Micrologies

Coq


Dans son ouvrage Les Expériences de Tirésias (1), Nicole Loraux entreprend d’affiner la conception dominante qui veut que la cité, en Grèce, se construise sur l’exclusion des femmes. Elle admet la validité globale de cette formule, mais, pour sa part, se préoccupe moins de la réalité institutionnelle que des représentations qui la sous-tendent, moins des femmes que du féminin. De ce point de vue, elle voit dans l’exclusion de la féminité « l’effort durable du politique pour refouler sur ses marges une tradition adverse ou, du moins, autre […], qui [...] postule qu’un homme digne de ce nom est plus viril d’abriter en soi de la féminité. » L’identité (masculine), est, selon elle, « virtuellement travaillée par de l’autre ».

Le premier exemple qu’elle prend est emprunté aux Nuées d’Aristophane. Socrate y propose à son nouveau disciple Strepsiade un exercice qui a pour effet de « déconstruire » plaisamment les genres grammaticaux du masculin et du féminin (v. 658-699) et pour conséquence de déstabiliser son interlocuteur. Loraux se réfère au début de ce passage (v. 658-667).

Parmi les noms de quadrupèdes masculins que lui demande d’énumérer Socrate, Strepsiade cite alektruôn, le coq. Sans relever une première incongruité (« quadrupèdes ») Socrate se récrie sur ce qu’il considère comme une seconde erreur : le mot alektruôn, qui n’a pas de féminin ne peut pourtant pas être considéré comme pleinement masculin, puisqu’il englobe aussi la femelle. Pour désigner celle-ci, il faudrait inventer un féminin, alektruaina, ce que Socrate n’hésite pas à faire. Un autre terme inventé, alektôr, pourrait alors servir à désigner spécifiquement le mâle.
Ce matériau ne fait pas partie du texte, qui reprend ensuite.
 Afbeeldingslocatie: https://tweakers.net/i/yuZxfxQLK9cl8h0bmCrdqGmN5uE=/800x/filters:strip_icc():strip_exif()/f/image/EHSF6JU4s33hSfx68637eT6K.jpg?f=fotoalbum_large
Ce passage pose un problème particulier de traduction : le mot alektruôn désigne en effet toute l’espèce, mâle et femelle, mais il ne s’emploie qu’au masculin : on ne peut le traduire ici par le mot « coq », terme franchement genré en français. H. Van Daele, dans la C.U.F., transpose par « oiseau » ; V.-H. Debidour, lui, choisit « merle » :

SOCRATE : Il faut que tu apprennes d’autres choses avant ça : la correction des termes. Par exemple, chez les quadrupèdes, quels sont les mâles ?
TOURNEBOULE [Strepsiade] : Les mâles ? Je les connais bien !… faudrait que je sois maboul ! bélier, bouc, taureau, chien, merle…
SOCRATE : Tu vois ? Tu dérailles ! Merle, tu le dis aussi bien pour la femelle que pour le mâle.
TOURNEBOULE : Comment ça, dis ?
SOCRATE : Comment ? papa merle et maman merle.
TOURNEBOULE : Cré nom, c’est vrai ! Et qu’est-ce qu’il faut que je dise à présent ?
SOCRATE : Pour elle, merluche, et pour lui, merlan.
TOURNEBOULE : Merluche ? Cieux des airs !

Cependant, N. Loraux prend la plaisanterie au sérieux :

« Sans doute le spectateur athénien était-il censé rire haut et fort, mais on pariera qu’il riait moins de la balourdise de Strepsiade que de l’absurdité d’un philosophe qui veut donner un féminin au mot coq. [...] À n’en pas douter, Aristophane veut faire rire le public aux dépens d’un sage aussi insensé, et la recette est bonne. Mais un lecteur soucieux d’y comprendre un peu plus avec le recul de la distance devinera, peut-être, sous le burlesque, un enjeu théorique d’une tout autre portée : le débat authentiquement socratique qui, jusqu’à l’impossible, fait jouer le féminin sur le masculin. Nul doute que Platon s’en soit souvenu... »

Et la poule ? Le grec, en effet, ne dispose d’aucun mot propre pour la nommer. On recourt, semble-t-il, au féminin du mot « oiseau » : hê ornis. On peut s’étonner que cette langue si riche n’ait pas de terme pour désigner, selon les mots du conseiller Lieuvain, « ce modeste animal, ornement de nos basses-cours, qui fournit à la fois un oreiller moelleux pour nos couches, sa chair succulente pour nos tables, et des œufs »...

1. N. Loraux, Les Expériences de Tirésias. Le féminin et l’homme grec, Paris, 1989, voir p. 7-9.